Le sphinx de Gizeh, dans la Basse-Egypte, a certainement tremblé d’effroi voyant voler en rase-mottes au-dessus de sa tête des terrifiants objets belliqueux, destinés à protéger Abou al-Hôl, (le père de la terreur) de ses administrés qui voulaient du pain. Alors ? « Vivons-nous sous l’emprise des objets ? » En tous cas, tel était le sujet de notre débat, animé par Sylvie Petin le 30 Janvier, au Café des Phares, ce qui en clair présupposait que les objets seraient dominateurs au point de nous donner la chair de poule et nous affligeraient même à coups d’yatagan, bien que toutes les choses, en tant qu’outils, nous facilitent la vie, ce vers quoi tendent notre volonté ainsi que notre action, nos désirs et efforts. Peut-être que ce serait précisément le fait de tenir à eux qui serait malsain car, au fond, il n’y a que pour faire un enfant qu’un désir suffit, alors que pour perpétuer l’espèce humaine on ne peut se passer des objets appropriés qui deviendraient usurpateurs. Une guillotine par-ci, un fil à couper le beurre par là, puis la TV dans la chambre à coucher, (sinon l’ordinateur familial) ; en bref, comme on fait son lit on se couche et des tas de trucs viennent nous défier dans la nuit, moment propice à l’apparition de monstres.

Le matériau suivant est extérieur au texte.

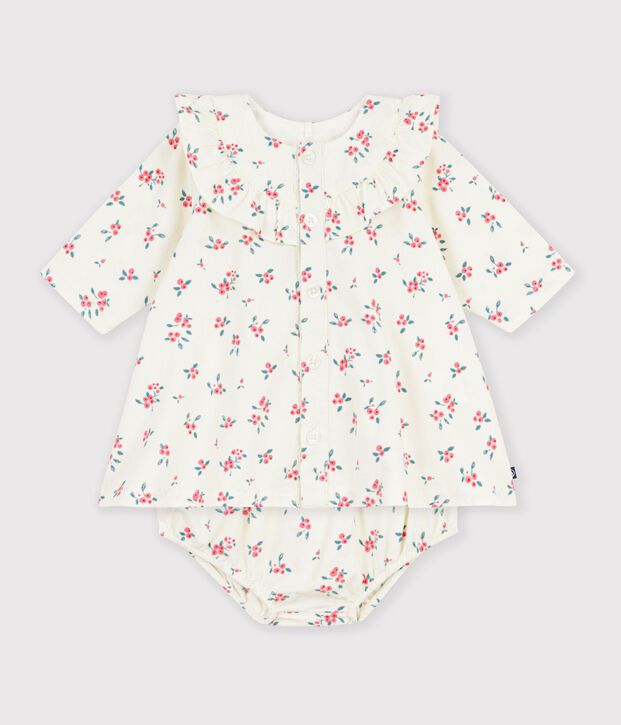 Baby-Kleid aus Baumwolle mit Blumenmotiv naturfarben/vielfarbig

Dans la fébrilité de la démonstration on a déduit que l’objet ne s’use que si l’on s’en sert, du portable à la serpillière en passant par la branche d’arbre, d’où un nécessaire rapport à la vérité sans quoi la chose se rebifferait. Mais, soyons clairs. Il semblerait que « Chose » désigne n’importe quel objet de pensée dont le sujet est conscient. Grande ou petite, superflue ou indispensable,  la « chose en soi » a une existence indépendante, tandis que nous nous montrons comme nous sommes par rapport à elle : tributaires. Elle est sujet de tout ce que l’on y perçoit. L’« Objet » (« objicere »,  jeter devant), c’est-à-dire, tout ce que se tient en face de nous, soit-il une idée ou quelque phénomène réel, est susceptible d’une connaissance intellectuelle ou sensible que la perception n’épuise pas. De là à affirmer que, même s’ils ne sont pas à leur place, un marteau, un réveil matin, un vélo, un livre, l’objet d’un désir ou l’heure d’un train me dominent comme un simple tamagotchi, il y a un pas que je n’oserais pas franchir. En tout état de cause, le concept d’objet s’oppose toujours à celui de sujet et, pour être objectivement sous leur emprise (quelque chose qui pourrait me nuire plus que servir), il faudrait qu’ils se logent dans mon entendement de la même manière qu’ils sont dans mon agenda ou ma boîte à outils et pas comme je les conçois.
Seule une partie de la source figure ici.